◆ ABOUT THIS TASK ◆
Write out exactly the lines of the entries below from the one holding "Футболка мужская с" to the one holding "Clearance Sofa dziecięca", inclusive, and leave out all other lines.

◆ EXTRACTED ENTRIES ◆
----
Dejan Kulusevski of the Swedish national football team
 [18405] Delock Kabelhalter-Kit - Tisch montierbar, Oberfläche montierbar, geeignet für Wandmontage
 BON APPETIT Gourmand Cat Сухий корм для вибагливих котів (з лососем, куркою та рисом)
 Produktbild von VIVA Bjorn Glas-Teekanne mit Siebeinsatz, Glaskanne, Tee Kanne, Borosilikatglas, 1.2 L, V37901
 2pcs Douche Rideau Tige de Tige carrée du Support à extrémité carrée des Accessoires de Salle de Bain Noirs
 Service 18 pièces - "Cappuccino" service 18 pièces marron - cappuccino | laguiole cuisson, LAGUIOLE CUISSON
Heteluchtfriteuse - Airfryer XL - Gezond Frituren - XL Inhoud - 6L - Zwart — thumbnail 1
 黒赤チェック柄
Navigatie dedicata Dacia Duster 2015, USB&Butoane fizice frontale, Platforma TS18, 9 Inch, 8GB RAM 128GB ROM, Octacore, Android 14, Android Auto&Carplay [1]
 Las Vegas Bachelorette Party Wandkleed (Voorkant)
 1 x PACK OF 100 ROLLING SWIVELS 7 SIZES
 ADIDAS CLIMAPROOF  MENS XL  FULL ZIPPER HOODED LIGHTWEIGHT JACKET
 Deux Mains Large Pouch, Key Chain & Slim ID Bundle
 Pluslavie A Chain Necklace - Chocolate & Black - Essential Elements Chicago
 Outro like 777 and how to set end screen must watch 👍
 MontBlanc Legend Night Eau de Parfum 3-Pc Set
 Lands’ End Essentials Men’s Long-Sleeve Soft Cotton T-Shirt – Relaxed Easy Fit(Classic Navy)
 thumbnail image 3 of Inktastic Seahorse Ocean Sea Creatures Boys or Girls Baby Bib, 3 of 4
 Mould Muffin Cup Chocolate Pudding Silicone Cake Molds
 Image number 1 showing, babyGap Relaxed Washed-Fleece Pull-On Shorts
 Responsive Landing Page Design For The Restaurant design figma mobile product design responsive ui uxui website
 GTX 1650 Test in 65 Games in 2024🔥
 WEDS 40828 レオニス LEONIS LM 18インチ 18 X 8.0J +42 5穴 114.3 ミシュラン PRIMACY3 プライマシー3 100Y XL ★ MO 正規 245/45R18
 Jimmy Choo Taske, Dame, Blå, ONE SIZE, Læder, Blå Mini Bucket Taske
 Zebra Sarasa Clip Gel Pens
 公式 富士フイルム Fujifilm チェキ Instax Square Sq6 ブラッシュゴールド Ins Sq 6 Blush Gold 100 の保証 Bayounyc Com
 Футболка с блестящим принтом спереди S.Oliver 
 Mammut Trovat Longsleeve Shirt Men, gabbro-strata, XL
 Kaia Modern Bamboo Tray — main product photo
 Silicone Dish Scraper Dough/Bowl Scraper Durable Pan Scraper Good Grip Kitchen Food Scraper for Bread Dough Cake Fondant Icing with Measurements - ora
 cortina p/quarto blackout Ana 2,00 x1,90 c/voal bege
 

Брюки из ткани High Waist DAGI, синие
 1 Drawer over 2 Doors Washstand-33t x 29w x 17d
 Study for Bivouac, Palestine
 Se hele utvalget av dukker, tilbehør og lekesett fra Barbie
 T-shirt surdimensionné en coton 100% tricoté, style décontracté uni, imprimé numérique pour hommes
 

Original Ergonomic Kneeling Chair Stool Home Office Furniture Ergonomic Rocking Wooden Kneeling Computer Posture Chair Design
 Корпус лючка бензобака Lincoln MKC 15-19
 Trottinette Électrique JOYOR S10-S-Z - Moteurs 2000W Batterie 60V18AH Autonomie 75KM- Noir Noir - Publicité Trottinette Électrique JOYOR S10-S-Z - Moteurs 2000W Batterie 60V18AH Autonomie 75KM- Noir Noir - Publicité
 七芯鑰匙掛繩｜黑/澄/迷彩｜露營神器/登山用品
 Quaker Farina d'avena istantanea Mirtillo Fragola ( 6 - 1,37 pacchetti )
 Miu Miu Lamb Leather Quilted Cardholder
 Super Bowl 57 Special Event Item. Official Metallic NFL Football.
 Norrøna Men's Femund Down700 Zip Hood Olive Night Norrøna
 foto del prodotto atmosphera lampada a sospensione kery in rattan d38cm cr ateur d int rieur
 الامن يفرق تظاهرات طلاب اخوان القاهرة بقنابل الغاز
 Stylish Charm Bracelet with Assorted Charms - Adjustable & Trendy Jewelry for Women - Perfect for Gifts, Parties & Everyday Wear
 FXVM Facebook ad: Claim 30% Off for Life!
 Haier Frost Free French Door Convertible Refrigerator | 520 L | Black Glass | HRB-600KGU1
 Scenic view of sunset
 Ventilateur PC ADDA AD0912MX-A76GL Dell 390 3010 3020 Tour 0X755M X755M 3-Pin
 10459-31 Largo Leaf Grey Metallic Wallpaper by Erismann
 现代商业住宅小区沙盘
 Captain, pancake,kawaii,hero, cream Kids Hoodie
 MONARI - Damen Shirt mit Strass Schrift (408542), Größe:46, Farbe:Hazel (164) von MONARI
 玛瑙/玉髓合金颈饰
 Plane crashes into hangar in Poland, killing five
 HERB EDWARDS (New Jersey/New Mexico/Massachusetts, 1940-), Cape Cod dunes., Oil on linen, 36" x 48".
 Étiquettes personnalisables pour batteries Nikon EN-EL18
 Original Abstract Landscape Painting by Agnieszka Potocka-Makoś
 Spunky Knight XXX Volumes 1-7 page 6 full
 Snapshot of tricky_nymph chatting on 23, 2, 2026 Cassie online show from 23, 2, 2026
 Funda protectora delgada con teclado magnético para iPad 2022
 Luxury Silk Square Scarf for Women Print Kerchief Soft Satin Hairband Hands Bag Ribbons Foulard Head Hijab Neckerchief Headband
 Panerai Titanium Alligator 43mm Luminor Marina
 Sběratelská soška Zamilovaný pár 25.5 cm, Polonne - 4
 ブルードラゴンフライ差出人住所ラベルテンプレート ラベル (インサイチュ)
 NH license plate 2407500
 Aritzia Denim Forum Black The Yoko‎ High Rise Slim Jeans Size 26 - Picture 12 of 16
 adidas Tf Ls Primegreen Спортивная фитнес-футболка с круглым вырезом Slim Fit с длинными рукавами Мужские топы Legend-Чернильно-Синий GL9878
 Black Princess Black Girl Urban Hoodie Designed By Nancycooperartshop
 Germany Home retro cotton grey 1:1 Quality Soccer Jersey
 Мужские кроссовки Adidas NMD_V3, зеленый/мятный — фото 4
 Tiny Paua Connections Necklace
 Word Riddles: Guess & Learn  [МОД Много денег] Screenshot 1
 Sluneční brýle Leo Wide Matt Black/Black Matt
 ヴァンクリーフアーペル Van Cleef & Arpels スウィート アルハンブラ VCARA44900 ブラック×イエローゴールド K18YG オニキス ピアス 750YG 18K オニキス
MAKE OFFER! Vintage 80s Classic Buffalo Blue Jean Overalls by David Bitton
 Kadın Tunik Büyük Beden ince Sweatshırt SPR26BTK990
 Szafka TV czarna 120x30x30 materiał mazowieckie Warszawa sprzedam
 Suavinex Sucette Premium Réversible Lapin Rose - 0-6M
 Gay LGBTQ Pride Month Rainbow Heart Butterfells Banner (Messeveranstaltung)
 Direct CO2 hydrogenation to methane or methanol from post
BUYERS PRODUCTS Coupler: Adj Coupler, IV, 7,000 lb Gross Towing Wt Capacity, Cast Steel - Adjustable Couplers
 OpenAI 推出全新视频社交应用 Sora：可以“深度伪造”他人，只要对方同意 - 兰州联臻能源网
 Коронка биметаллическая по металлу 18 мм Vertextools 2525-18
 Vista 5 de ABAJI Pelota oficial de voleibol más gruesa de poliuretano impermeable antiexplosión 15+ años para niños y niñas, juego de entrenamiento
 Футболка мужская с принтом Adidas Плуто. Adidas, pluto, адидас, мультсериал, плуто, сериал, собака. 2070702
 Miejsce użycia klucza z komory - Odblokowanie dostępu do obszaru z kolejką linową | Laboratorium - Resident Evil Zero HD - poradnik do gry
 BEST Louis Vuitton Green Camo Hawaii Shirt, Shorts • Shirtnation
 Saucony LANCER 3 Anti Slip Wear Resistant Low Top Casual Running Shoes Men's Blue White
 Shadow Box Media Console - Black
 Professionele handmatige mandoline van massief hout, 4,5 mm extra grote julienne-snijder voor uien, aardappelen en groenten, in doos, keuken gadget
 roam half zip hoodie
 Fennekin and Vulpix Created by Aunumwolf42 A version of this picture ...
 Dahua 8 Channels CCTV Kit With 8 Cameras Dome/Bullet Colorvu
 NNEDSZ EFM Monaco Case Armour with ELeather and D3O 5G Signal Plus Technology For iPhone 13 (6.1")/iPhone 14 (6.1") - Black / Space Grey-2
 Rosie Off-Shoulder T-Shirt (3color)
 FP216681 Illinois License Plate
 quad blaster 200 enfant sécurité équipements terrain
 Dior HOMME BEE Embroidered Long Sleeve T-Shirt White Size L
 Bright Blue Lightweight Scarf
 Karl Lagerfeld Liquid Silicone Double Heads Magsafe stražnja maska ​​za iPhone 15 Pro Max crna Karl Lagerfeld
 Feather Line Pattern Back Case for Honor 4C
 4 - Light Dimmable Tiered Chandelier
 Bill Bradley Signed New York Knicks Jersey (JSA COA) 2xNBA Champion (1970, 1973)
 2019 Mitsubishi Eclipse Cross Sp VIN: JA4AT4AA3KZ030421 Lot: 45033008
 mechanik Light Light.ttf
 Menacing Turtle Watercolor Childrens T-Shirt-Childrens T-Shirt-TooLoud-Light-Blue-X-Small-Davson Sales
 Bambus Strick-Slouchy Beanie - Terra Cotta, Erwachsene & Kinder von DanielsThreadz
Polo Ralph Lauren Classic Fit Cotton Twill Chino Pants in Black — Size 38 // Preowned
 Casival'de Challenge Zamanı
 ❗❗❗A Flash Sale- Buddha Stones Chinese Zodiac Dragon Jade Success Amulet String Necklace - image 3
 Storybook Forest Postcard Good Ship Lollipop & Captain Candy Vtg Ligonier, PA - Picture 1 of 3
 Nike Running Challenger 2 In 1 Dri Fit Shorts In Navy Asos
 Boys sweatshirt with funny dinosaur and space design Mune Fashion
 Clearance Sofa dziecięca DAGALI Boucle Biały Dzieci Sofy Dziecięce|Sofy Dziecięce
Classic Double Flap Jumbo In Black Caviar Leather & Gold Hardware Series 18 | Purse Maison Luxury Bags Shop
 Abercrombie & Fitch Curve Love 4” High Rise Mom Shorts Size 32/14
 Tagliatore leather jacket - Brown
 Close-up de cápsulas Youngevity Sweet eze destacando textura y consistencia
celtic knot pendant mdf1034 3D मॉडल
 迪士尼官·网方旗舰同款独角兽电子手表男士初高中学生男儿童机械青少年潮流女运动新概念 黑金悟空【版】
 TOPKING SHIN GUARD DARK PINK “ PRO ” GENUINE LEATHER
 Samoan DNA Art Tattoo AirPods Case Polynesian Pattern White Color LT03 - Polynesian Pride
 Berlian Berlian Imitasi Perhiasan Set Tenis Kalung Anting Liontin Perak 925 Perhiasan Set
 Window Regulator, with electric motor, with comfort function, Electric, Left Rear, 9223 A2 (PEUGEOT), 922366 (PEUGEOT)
----
◆ SOLUTION TO THIS PROBLEM ◆
 Футболка мужская с принтом Adidas Плуто. Adidas, pluto, адидас, мультсериал, плуто, сериал, собака. 2070702
 Miejsce użycia klucza z komory - Odblokowanie dostępu do obszaru z kolejką linową | Laboratorium - Resident Evil Zero HD - poradnik do gry
 BEST Louis Vuitton Green Camo Hawaii Shirt, Shorts • Shirtnation
 Saucony LANCER 3 Anti Slip Wear Resistant Low Top Casual Running Shoes Men's Blue White
 Shadow Box Media Console - Black
 Professionele handmatige mandoline van massief hout, 4,5 mm extra grote julienne-snijder voor uien, aardappelen en groenten, in doos, keuken gadget
 roam half zip hoodie
 Fennekin and Vulpix Created by Aunumwolf42 A version of this picture ...
 Dahua 8 Channels CCTV Kit With 8 Cameras Dome/Bullet Colorvu
 NNEDSZ EFM Monaco Case Armour with ELeather and D3O 5G Signal Plus Technology For iPhone 13 (6.1")/iPhone 14 (6.1") - Black / Space Grey-2
 Rosie Off-Shoulder T-Shirt (3color)
 FP216681 Illinois License Plate
 quad blaster 200 enfant sécurité équipements terrain
 Dior HOMME BEE Embroidered Long Sleeve T-Shirt White Size L
 Bright Blue Lightweight Scarf
 Karl Lagerfeld Liquid Silicone Double Heads Magsafe stražnja maska ​​za iPhone 15 Pro Max crna Karl Lagerfeld
 Feather Line Pattern Back Case for Honor 4C
 4 - Light Dimmable Tiered Chandelier
 Bill Bradley Signed New York Knicks Jersey (JSA COA) 2xNBA Champion (1970, 1973)
 2019 Mitsubishi Eclipse Cross Sp VIN: JA4AT4AA3KZ030421 Lot: 45033008
 mechanik Light Light.ttf
 Menacing Turtle Watercolor Childrens T-Shirt-Childrens T-Shirt-TooLoud-Light-Blue-X-Small-Davson Sales
 Bambus Strick-Slouchy Beanie - Terra Cotta, Erwachsene & Kinder von DanielsThreadz
Polo Ralph Lauren Classic Fit Cotton Twill Chino Pants in Black — Size 38 // Preowned
 Casival'de Challenge Zamanı
 ❗❗❗A Flash Sale- Buddha Stones Chinese Zodiac Dragon Jade Success Amulet String Necklace - image 3
 Storybook Forest Postcard Good Ship Lollipop & Captain Candy Vtg Ligonier, PA - Picture 1 of 3
 Nike Running Challenger 2 In 1 Dri Fit Shorts In Navy Asos
 Boys sweatshirt with funny dinosaur and space design Mune Fashion
 Clearance Sofa dziecięca DAGALI Boucle Biały Dzieci Sofy Dziecięce|Sofy Dziecięce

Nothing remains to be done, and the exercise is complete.